*** Begin section ***

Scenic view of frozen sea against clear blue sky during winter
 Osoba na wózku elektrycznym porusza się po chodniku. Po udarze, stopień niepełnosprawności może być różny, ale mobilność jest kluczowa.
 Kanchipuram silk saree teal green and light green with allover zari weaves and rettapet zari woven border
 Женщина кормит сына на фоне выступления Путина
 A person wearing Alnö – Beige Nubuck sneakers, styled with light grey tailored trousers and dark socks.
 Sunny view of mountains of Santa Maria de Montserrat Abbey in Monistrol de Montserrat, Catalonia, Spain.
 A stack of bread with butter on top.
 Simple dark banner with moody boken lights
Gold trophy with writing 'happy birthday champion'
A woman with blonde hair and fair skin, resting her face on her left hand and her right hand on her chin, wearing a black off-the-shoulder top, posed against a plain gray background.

*** End section ***

[Exercise goal] Across the data, find each line that has "with" in it and copy that line.

[Answer to this exercise]
 Kanchipuram silk saree teal green and light green with allover zari weaves and rettapet zari woven border
 A person wearing Alnö – Beige Nubuck sneakers, styled with light grey tailored trousers and dark socks.
 A stack of bread with butter on top.
 Simple dark banner with moody boken lights
Gold trophy with writing 'happy birthday champion'
A woman with blonde hair and fair skin, resting her face on her left hand and her right hand on her chin, wearing a black off-the-shoulder top, posed against a plain gray background.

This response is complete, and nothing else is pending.